W domu, oprócz rodziny, mieszkał jeszcze wujek i ciotka Kamilka. Co zaskakujące, domownicy twierdzą, że nie dostrzegli tego, żeby ojczym znęcał się nad chłopcem . Jak wyjaśniają, nie zdawali sobie sprawy z tego, że dziecko konało w cierpieniu…
– Cały dzień byłem w pracy. Widziałem Kamilka i pytałem się, dlaczego jest taki czerwony na twarzy. Nie wiedziałem, że jest poparzony, bo był ubrany. Matka mi powiedziała: – On wodą się poparzył . On wcale nie płakał. Za późno została wezwana pomoc – tłumaczył Wojciech J. w rozmowie z "Uwagą".
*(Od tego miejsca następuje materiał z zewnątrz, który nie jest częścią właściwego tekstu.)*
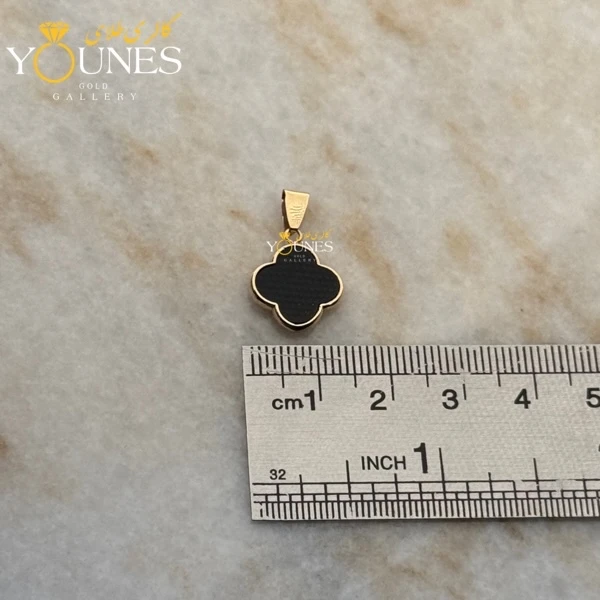 آویز ونکلیف مشکی طلا سایز بزرگ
"Nie było żadnych krzyków"
Dziennikarka usiłowała dowiedzieć się, jak to możliwe, że mężczyzna niczego nie zauważył? – Mnie nie było, ja tego nie widziałem , bo bym nie pozwolił na to. Nie było żadnych krzyków , żeby on coś normalnie powiedział, żeby zapłakał – wyjaśniał.
To samo pytanie zadała stojącej obok kobiecie. – Pani nie było w domu wtedy? Byłam, ale u siebie w pokoju – krótko odpowiedziała ciotka 8-latka.
Małżeństwo w śmierci Kamilka nie dostrzega swojej winy. – Ja już swoje wypłakałem. Jedynie jestem winny, że inaczej nie zareagowałem, ale poza tym nie jestem winny . Bo ja tego nie zrobiłem . Nigdy temu dziecku nie zrobiłbym krzywdy – zaznaczył. – Ja też nie – dodała kobieta.
Zrozpaczona siostra 8-letniego Kamilka. "Coś we mnie umarło"
Wyemitowano również rozmowę z przybraną siostrą chłopca Magdaleną Mazurek. Z dwójki poznanych w ostatnim czasie braci pozostał jej już tylko jeden, Fabian. – Gdy dowiedział się, że Kamilek umarł, bardzo płakał. Zabrali go wcześniej z przedszkola, tak bardzo płakał – wspominała.
– Nie mam słów na to – mówiła zapłakana, po czym dodała, że czuje ogromną pustkę. – Czuję, że wewnątrz mnie coś umarło . To strasznie ciężkie – zakończyła.